→ WHAT IS NEEDED: Each record should be given again exactly, and any picture in it left out.

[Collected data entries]
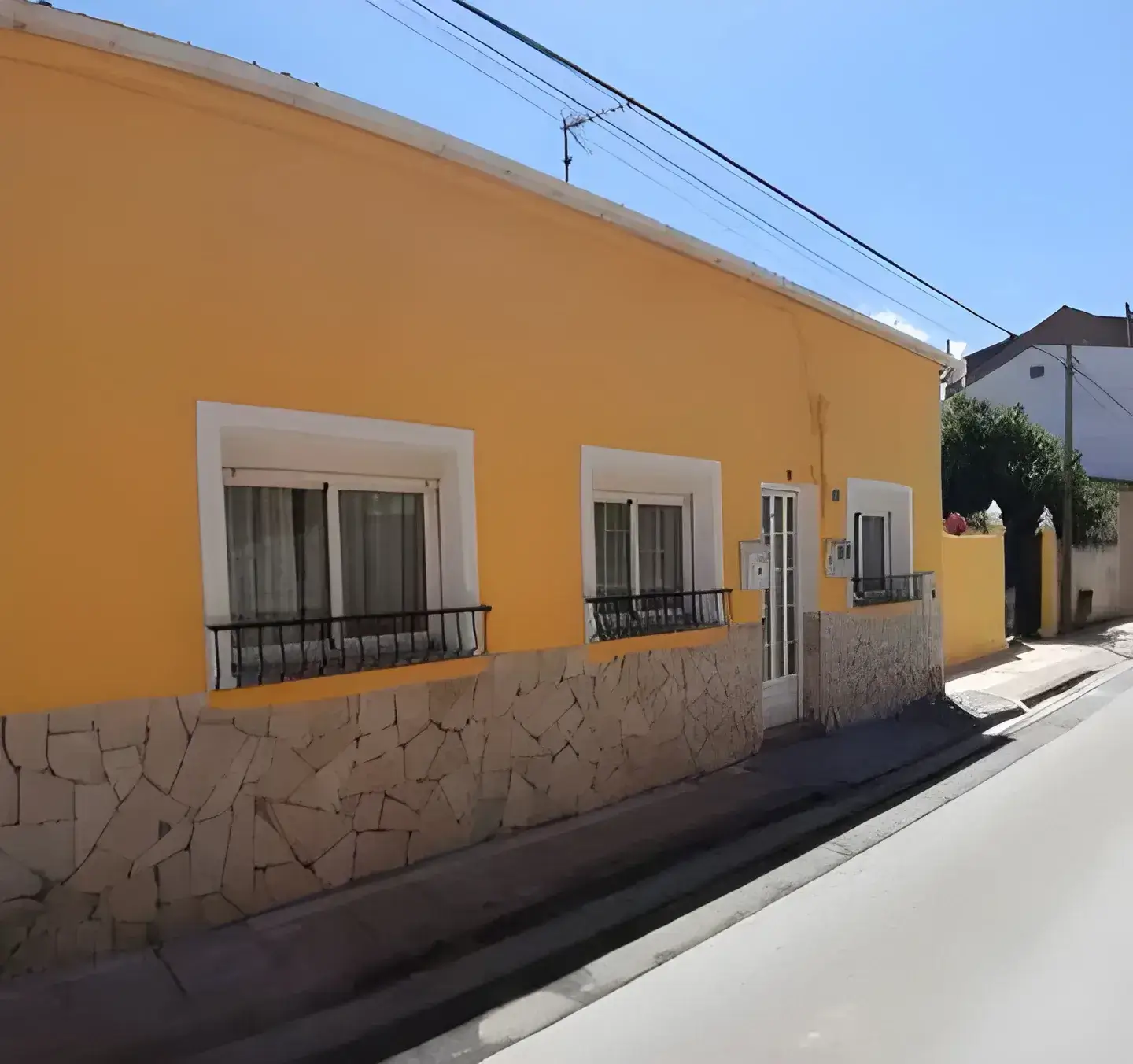 Los Pintores Guadalajara Fachada de casa tradicional pintada en color amarillo con zócalo de piedra
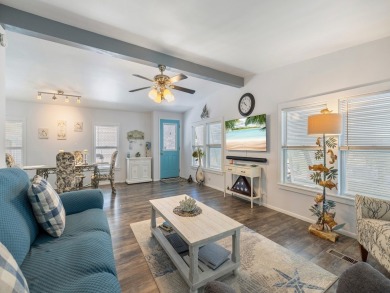 Meticulously maintained, move-in ready home with all the on Barefoot Bay Golf Course in Florida - for sale on GolfHomes.com, golf home, golf lot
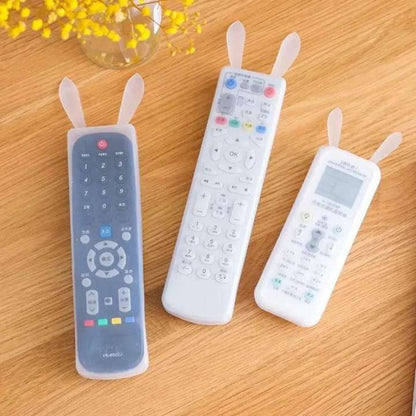 Three remote control covers with rabbit ears on a wooden surface.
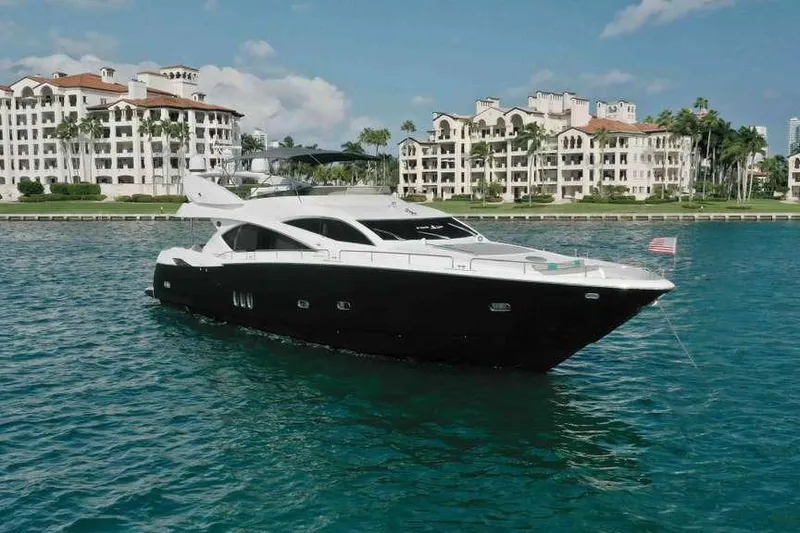 Slide: The Image of 2006 Sunseeker Manhattan Motor 82 yacht on water, luxury waterfront buildings in background. - 4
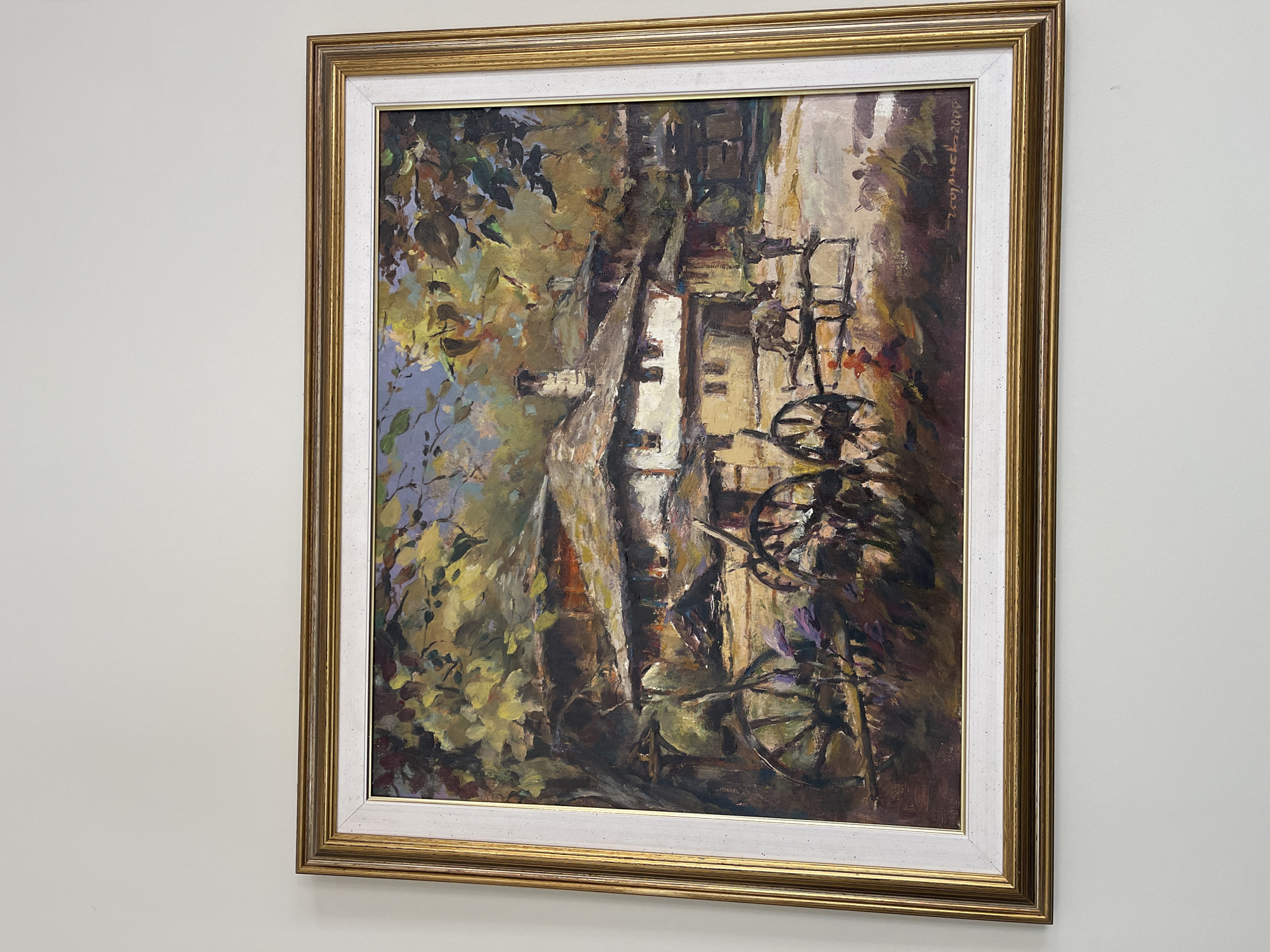 A framed painting hangs on a pale wall. The painting depicts an outdoor scene, seemingly a building façade and tree, rendered in an impressionistic style. Visible elements include architectural structures, foliage, and what appears to be a bicycle. The location, Paiporta, Spain, is not readily evident from the painting itself without external contextual clues. The painting's style is characterized by loose brushstrokes and a muted color palette dominated by browns, greens, and whites. The gold and white frame is ornate and of classical design.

→ RESPONSE TO THIS TASK:
 Los Pintores Guadalajara Fachada de casa tradicional pintada en color amarillo con zócalo de piedra
 Meticulously maintained, move-in ready home with all the on Barefoot Bay Golf Course in Florida - for sale on GolfHomes.com, golf home, golf lot
 Three remote control covers with rabbit ears on a wooden surface.
 Slide: The Image of 2006 Sunseeker Manhattan Motor 82 yacht on water, luxury waterfront buildings in background. - 4
 A framed painting hangs on a pale wall. The painting depicts an outdoor scene, seemingly a building façade and tree, rendered in an impressionistic style. Visible elements include architectural structures, foliage, and what appears to be a bicycle. The location, Paiporta, Spain, is not readily evident from the painting itself without external contextual clues. The painting's style is characterized by loose brushstrokes and a muted color palette dominated by browns, greens, and whites. The gold and white frame is ornate and of classical design.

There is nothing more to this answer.